The judge then dictated an order that pending the appeal to the Supreme Court the custody of the children was to be immediately vested with Mr. and Mrs. Beam and Mr. and Mrs. Hussey, to which the plaintiff excepted. In Joyner v. Joyner, 256 N.C. 588, 124 S.E. 2d 724, Higgins, J., speaking for the Court, said: “In a custody case the court acquires jurisdiction of the child as well as of the parent. The child thus becomes a ward of the court. The court’s duty to its ward should not be held in abeyance pending review.” Inasmuch as the dictated order of the judge had not been signed and the matter remained in fieri during the term of the court, he was authorized to add to the order the following morning when he decreed that the children should remain with the persons to whom they had been awarded pending the appeal. “The general power of the court over its own judgments, orders, and decrees in both civil and criminal cases, during the existence of the term at which they are first made is undeniable. * * * Until the expiration of the term the orders and judgments of the court are in fieri, and the judge has power, in his discretion, to make such changes and modifications in them as he may deem wise and appropriate for the administration of justice.” S. v.
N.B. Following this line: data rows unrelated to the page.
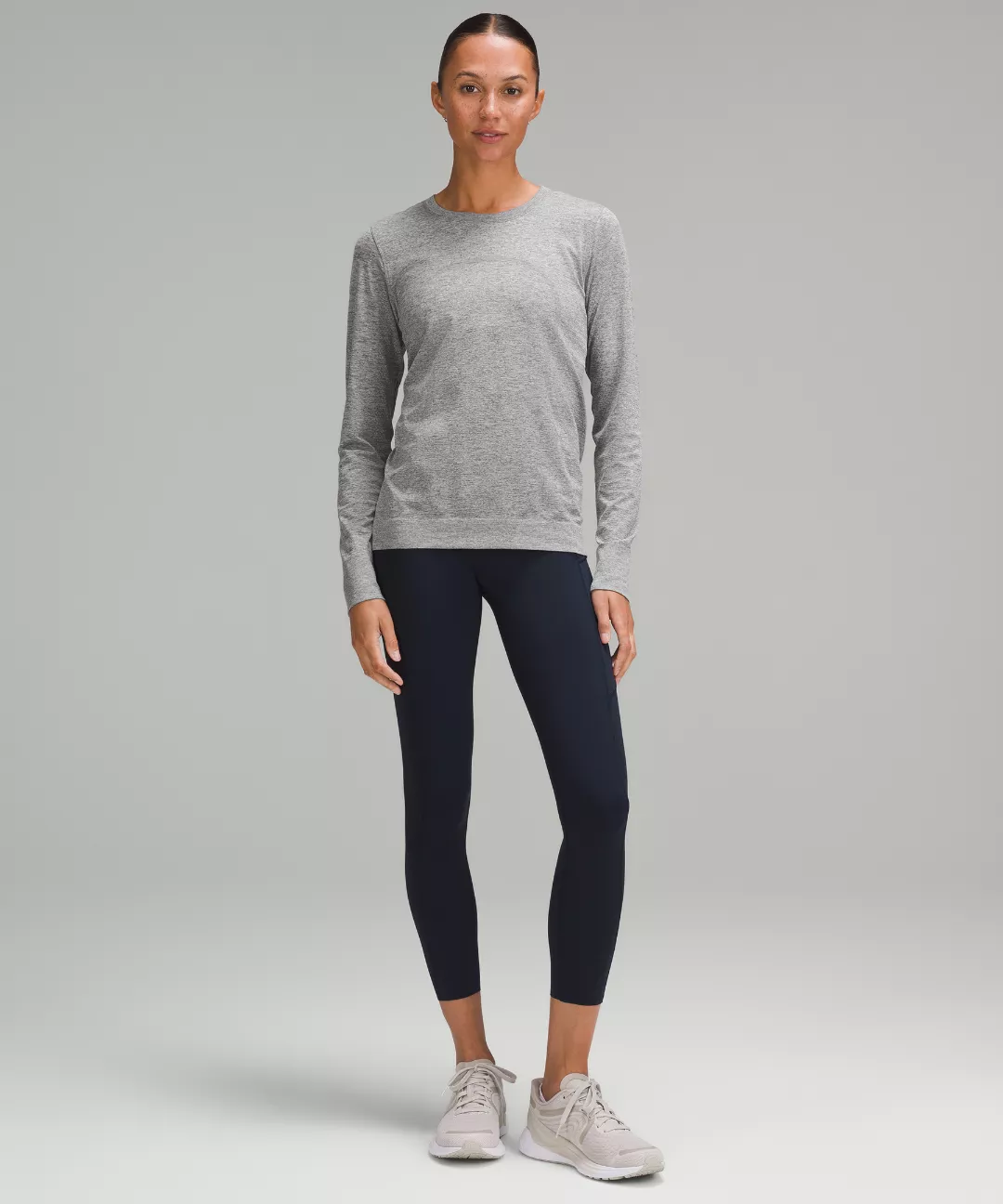 Swiftly Relaxed Long-Sleeve Shirt *Hip Length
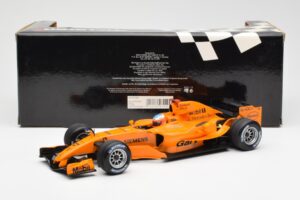 McLaren MP4-20 Mercedes G. Paffett Interim Test Car 2006 Minichamps 1:18 530061895 Diecast - image 6 of 6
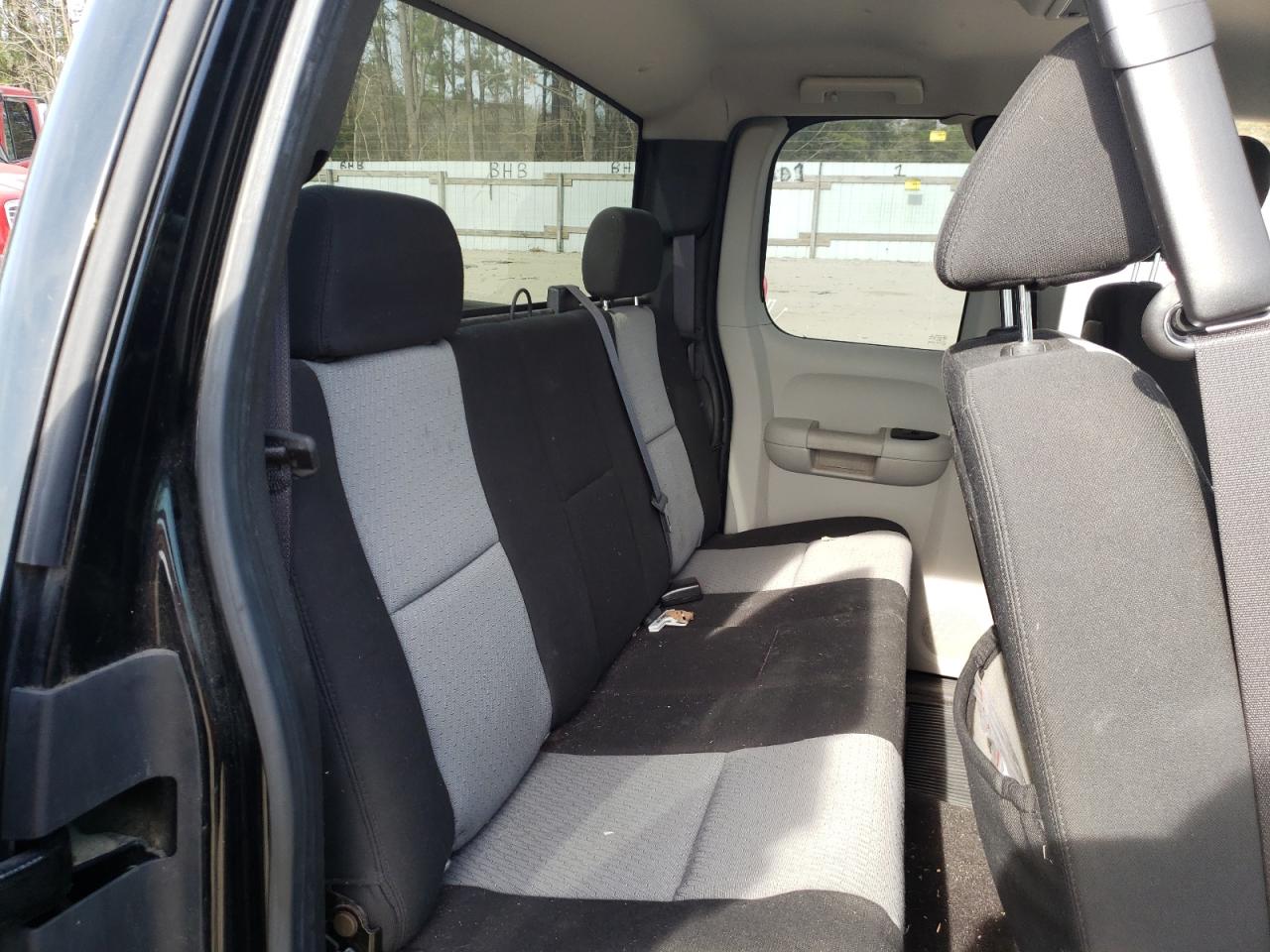 Photo 6 from auction – 2009 GMC SIERRA C15 with VIN 1GTEC19X89Z198063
Godwin, 210 N.C. 447, 187 S.E. 560. While the action of the plaintiff in taking the child caused discussion of possible proceedings in contempt, no formal finding to that effect was made and no penalty imposed, and the matter is now moot.

The plaintiff also excepts to the order of the court in which he was taxed with one-third of the costs of the proceeding, the remainder being taxed against Mr. and Mrs. Beam and Mr. and Mrs. Hussey. The latter took no exception to the order but the plaintiff says in his brief that the action of the court “is puzzling * * * it should have been all or nothing.” G.S. 6-20 provides that: “In other action costs may be allowed in the discretion of the court unless otherwise provided by law.” This statute has been construed as meaning that the taxing of the costs in cases of this type is in the discretion of the trial judge, which discretion is not reviewable. The plaintiff should not complain because he is taxed with only one-third of the costs when it could have been the entire amount, and his exception is not well taken.